The TEG-25GECTX ships in a cardboard box, with a feature list printed on the top/side in various languages. The card is compatible with both Microsoft Windows, Windows Server and Linux. It also supports a wide range of networking standard, such as 802.1Q for VLAN and 802.3ab/802.3bz for Ethernet.
The TEG-25GECTX card is packed inside a anti-static bag. You can swap the standard PCI bracket with a low-profile one, if you tend to install the card in a small form-factor (SFF) build. Inside the box, there are a quick start guide, safety note and a driver CD. Driver can be downloaded directly from TRENDnet’s product page.
TRENDnet TEG-25GECTX 2.5G Network Interface Card
The TEG-25GECTX has a blue printed circuit board (PCB) with the full length PCI bracket installed by default. The primary Realtek RTL8125 controller is hidden beneath the tiny black aluminum heatsink. The overall size of the NIC is relatively compact, which should have no problem fitting into smaller PC cases and server chassis.
The TEG-25GECTX is equipped with a PCIe 2.0×1 interface to transfer all its network traffic, which has a theoretical bandwidth of about 4 Gbps (~500 MB/s). It is upward compatible with PCIe 3.0 or PCIe 4.0 slots in newer motherboards.

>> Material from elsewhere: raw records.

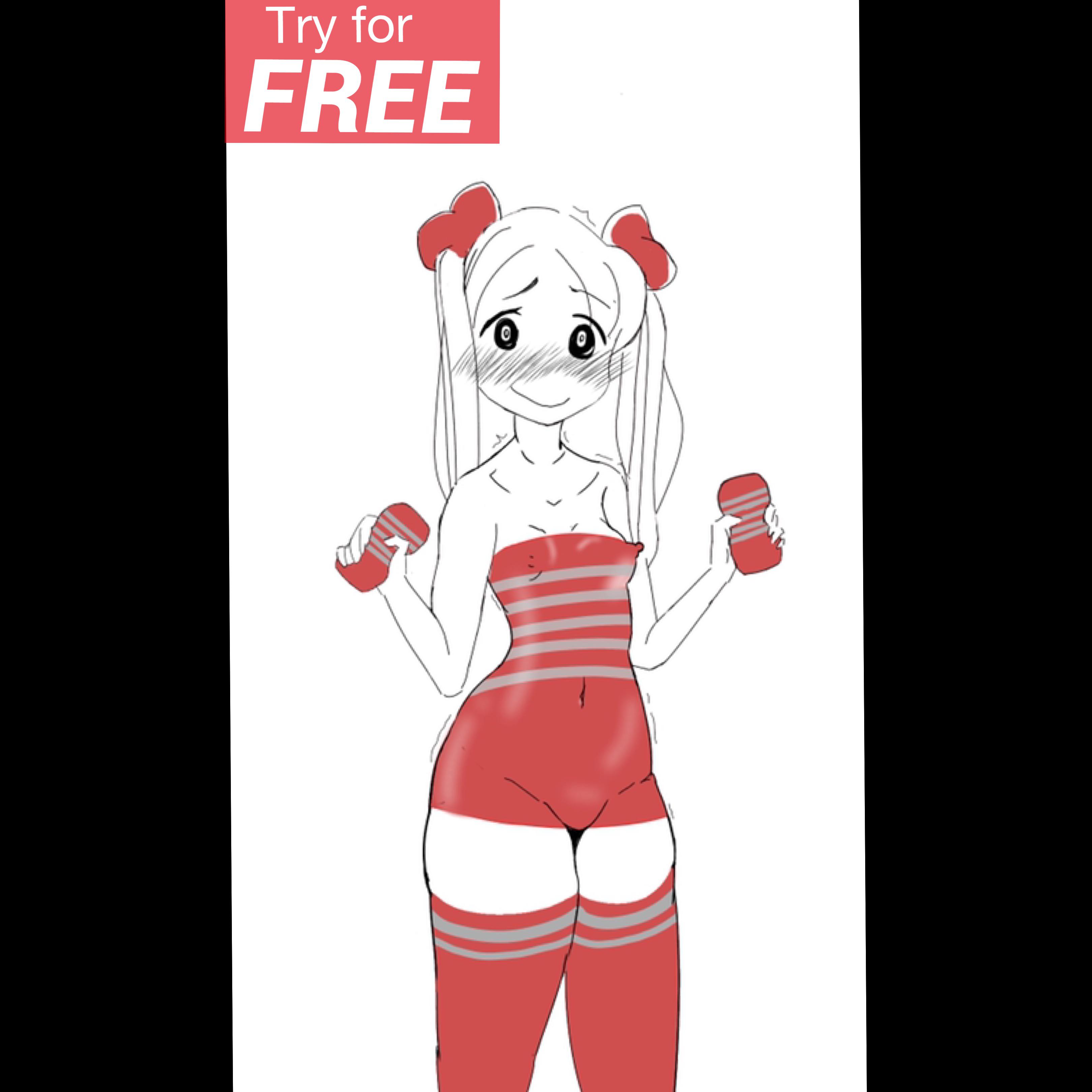 Tenga Girl free demo! (OC)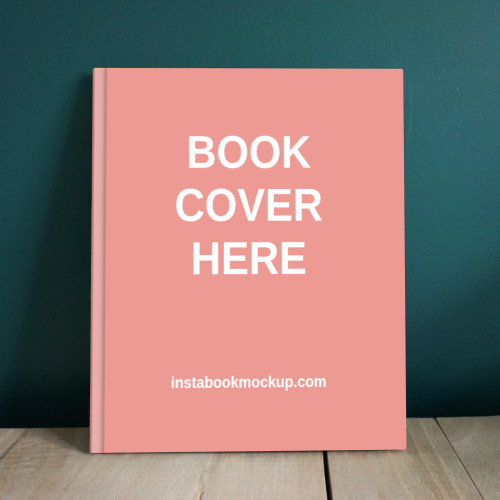 picture book on green wall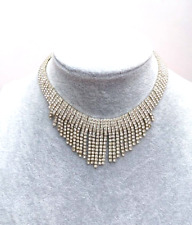 Rhinestone necklace choker for sale  HIGHBRIDGE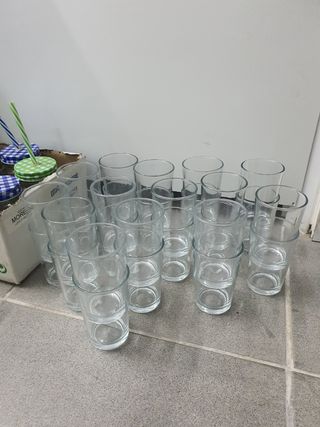 Vasos de caña 20 cl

To minimize the number of variables that will affect the benchmark results, all of our tests will be performed by two computers directly connected via Ethernet. We use the iperf3 to measure the total bandwidth between the two NICs. A Windows 10 shared folder is created on RAM disks to prevent HDD’s bottlenecks. The peer-to-peer file transfer times of the three files, sized in 10 GB, 500 MB and 250 MB, will be recorded.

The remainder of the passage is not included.